In general, when you want to MERGE a relationship or pattern between nodes that already exist, it's best to MATCH or MERGE on the nodes which should already exist first, and then MERGE the pattern with the matched or merged variables.
EDIT
I think there's some confusion here about the reasons for the differences in the queries.
This doesn't have anything to do with whether the properties are defined in a WHERE clause, or inline on the nodes in the MATCH clauses.
In fact, you can do this just fine with your last query, and it will behave identically:
Match (g:GROUP {GroupID:1})
Match (a:ADDRESS {AddressID:454})
MERGE (g)-[r:USES]->(a)
RETURN g.ShortName, type(r), a.Line1
The reasons for the differences, again, the behavior of MERGE
Really the easiest way to grasp what's going on is to consider what the behavior would be if MERGE were substituted first with MATCH, and then if no match was found, with CREATE.
MATCH (g)-[r:USES]->(a)
and if there is no match, it does CREATE instead
CREATE (g)-[r:USES]->(a)
That should make sense...a CREATE with existing nodes will create the missing part, the relationship.
Contrast that with using MERGE on the entire pattern:
MERGE (g:GROUP {GroupID: 1})-[r:USES]->(a:ADDRESS {AddressID: 454})
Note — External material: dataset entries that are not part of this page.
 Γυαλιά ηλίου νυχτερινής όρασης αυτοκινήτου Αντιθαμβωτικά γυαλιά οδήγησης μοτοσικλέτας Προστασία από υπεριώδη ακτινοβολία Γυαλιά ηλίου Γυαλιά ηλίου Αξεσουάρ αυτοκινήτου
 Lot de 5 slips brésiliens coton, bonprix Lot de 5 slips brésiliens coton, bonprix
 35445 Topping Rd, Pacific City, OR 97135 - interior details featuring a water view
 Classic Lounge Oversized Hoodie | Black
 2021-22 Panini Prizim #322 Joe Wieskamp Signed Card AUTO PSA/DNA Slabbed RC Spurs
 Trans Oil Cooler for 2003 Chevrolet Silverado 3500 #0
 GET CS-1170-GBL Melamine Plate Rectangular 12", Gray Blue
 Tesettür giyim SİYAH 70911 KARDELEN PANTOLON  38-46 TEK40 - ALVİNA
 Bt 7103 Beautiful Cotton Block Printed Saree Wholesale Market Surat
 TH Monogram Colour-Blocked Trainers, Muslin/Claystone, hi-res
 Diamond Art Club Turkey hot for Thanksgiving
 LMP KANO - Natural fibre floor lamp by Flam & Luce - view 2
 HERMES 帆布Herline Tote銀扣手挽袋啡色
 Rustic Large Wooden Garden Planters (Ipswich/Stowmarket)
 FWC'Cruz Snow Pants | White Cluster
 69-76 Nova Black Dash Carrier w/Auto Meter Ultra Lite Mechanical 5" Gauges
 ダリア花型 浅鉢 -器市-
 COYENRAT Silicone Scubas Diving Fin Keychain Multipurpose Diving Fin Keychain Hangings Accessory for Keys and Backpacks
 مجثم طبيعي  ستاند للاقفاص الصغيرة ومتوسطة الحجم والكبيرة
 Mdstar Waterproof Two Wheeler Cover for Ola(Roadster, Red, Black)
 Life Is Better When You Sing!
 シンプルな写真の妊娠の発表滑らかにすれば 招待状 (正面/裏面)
Return g.ShortName, type(r), a.Line1;
First this will attempt a MATCH:
MATCH (g:GROUP {GroupID: 1})-[r:USES]->(a:ADDRESS {AddressID: 454})
and then when no match is found, a CREATE
CREATE (g:GROUP {GroupID: 1})-[r:USES]->(a:ADDRESS {AddressID: 454})
And given what we know of how CREATE works, it doesn't attempt to match parts of the pattern (and there are no variables that have already matched to existing elements of the graph), it creates the pattern as a whole, creating a brand new :GROUP and :ADDRESS node with the given properties, and the new :USES relationship.
MERGE (g:GROUP {GroupID: 1})-[r:USES]->(a:ADDRESS {AddressID: 454}) Return g.ShortName, type(r), a.Line1; most likely creates two nodes, because those properties (GroupID for the GROUP node / AddressID for ADDRESS node) are not the only properties on those nodes.
Matching the nodes first ensures that you're getting nodes with matching properties (which could have other properties, too) and merge those.
If you had an index with uniqueness constraint on both GroupID for GROUP nodes and AddressID for ADDRESS nodes, then the MERGE without matching first, should still make that connection.